> **Required work**: Every line below that has the string "select" needs to be copied.

> **Data for processing**:

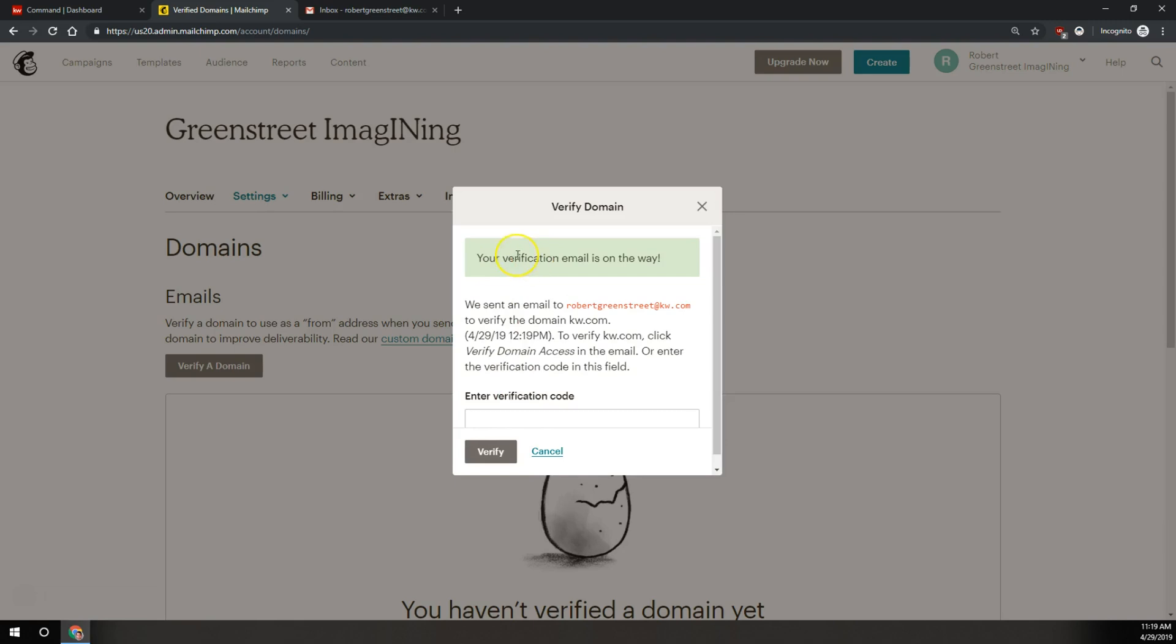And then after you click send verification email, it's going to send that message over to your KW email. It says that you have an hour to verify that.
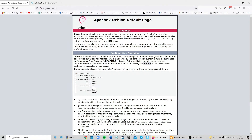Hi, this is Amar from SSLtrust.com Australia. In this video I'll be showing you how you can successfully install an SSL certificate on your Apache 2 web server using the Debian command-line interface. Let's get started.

* * *

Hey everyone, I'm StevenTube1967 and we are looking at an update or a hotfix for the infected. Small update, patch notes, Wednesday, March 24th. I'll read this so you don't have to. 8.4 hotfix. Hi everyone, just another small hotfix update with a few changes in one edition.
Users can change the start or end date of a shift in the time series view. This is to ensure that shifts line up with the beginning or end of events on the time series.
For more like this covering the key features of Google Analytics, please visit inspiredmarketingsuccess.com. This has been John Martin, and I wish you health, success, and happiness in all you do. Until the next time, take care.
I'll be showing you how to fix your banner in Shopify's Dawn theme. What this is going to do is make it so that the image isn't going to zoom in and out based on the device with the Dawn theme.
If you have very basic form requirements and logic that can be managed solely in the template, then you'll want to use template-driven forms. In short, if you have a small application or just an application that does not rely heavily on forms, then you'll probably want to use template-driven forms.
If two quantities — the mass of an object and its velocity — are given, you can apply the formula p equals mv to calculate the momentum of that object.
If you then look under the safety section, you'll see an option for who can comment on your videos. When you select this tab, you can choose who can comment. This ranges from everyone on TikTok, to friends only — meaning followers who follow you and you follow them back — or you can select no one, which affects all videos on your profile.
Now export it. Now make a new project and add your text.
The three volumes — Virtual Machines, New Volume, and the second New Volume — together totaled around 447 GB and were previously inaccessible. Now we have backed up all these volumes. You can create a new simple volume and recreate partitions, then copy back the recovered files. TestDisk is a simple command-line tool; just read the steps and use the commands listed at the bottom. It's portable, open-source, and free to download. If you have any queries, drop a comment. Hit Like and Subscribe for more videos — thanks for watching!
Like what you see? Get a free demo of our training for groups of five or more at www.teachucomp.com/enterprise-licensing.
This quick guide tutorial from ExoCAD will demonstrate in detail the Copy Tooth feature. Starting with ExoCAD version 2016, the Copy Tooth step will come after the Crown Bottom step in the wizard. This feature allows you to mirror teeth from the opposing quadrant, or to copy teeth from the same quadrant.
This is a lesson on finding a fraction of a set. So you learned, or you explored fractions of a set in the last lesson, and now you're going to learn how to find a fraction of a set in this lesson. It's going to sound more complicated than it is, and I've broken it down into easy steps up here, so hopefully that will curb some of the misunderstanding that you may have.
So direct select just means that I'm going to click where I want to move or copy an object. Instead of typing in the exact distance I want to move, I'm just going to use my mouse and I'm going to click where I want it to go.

> **Final answer**:
If you then look under the safety section, you'll see an option for who can comment on your videos. When you select this tab, you can choose who can comment. This ranges from everyone on TikTok, to friends only — meaning followers who follow you and you follow them back — or you can select no one, which affects all videos on your profile.
So direct select just means that I'm going to click where I want to move or copy an object. Instead of typing in the exact distance I want to move, I'm just going to use my mouse and I'm going to click where I want it to go.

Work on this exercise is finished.